Küresel belirsizlikler ve jeopolitik risklerin artmasıyla birlikte yatırımcıların ilgisi altına yöneldi. Ekim ayında külçe altın, yıllık bazda Yİ-ÜFE ile indirgendiğinde yüzde 47,46 kazanç sağlayarak son 61 ayın en yüksek reel getirisini kaydetti.

Ekonomistler ve piyasa uzmanları, altına olan talebi artıran başlıca faktörleri şöyle sıralıyor: Rusya-Ukrayna Savaşı, İsrail’in Gazze’ye saldırıları, ABD’de uygulanan ek tarifeler ve Çin-ABD ticari gerilimleri. Bu gelişmeler, yatırımcıları geleneksel olarak “güvenli liman” olarak görülen değerli metale yönlendirdi.

Bireysel yatırımcı talebinin yanı sıra merkez bankalarının alımları, altının ons fiyatını geçen ay 4.300 doların üzerine taşıdı. Aynı dönemde gram altın ise 5.800 lira seviyelerine ulaştı.

ALTIN DİĞER YATIRIM ARAÇLARINI GERİDE BIRAKTI

Küresel piyasalardaki gelişmelerin etkisiyle altın, TÜİK tarafından reel getirileri hesaplanan diğer finansal yatırım araçlarından da ayrıştı. Ekim ayında yıllık bazda yüzde 87,27 nominal getiri sağlayan külçe altın, mevduat faizi, dolar, avro, devlet iç borçlanma senetleri (DİBS) ve BIST 100 endeksini geride bıraktı.

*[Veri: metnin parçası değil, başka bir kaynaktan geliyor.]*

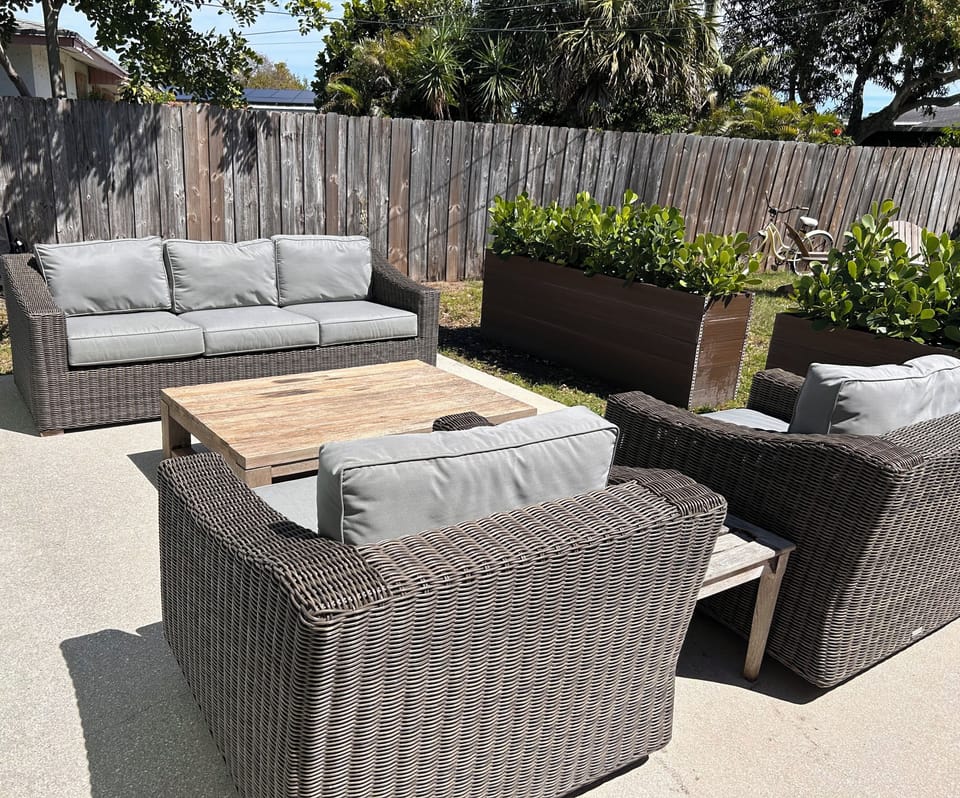 Terrace/patio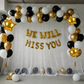 Black Gold Farewell Arch Combo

Yıllık bazda TÜFE ile indirgendiğinde altının reel getirisi yüzde 40,94, Yİ-ÜFE ile indirgendiğinde ise yüzde 47,46 olarak gerçekleşti. Bu rakam, altının son 61 ayda sağladığı en yüksek reel getiri olarak kayıtlara geçti.

En son Eylül 2020’de yüzde 47,64 getiri sağlayan külçe altın, Kasım 2022’de ise yıllık bazda yüzde 30’u aşan kayba neden olmuştu. Analizlere göre, söz konusu 61 ayın 26’sında altın yatırımcısına reel getiri sağlayamazken, 35 ayında kazanç getirdi.

Uzmanlar, finansal yatırım araçlarının reel getirilerinin hesaplanmaya başlandığı 1997 yılından bu yana Yİ-ÜFE ile indirgendiğinde külçe altının en yüksek reel getirisinin yüzde 54,32 ile Mayıs 2006’da kaydedildiğini belirtiyor.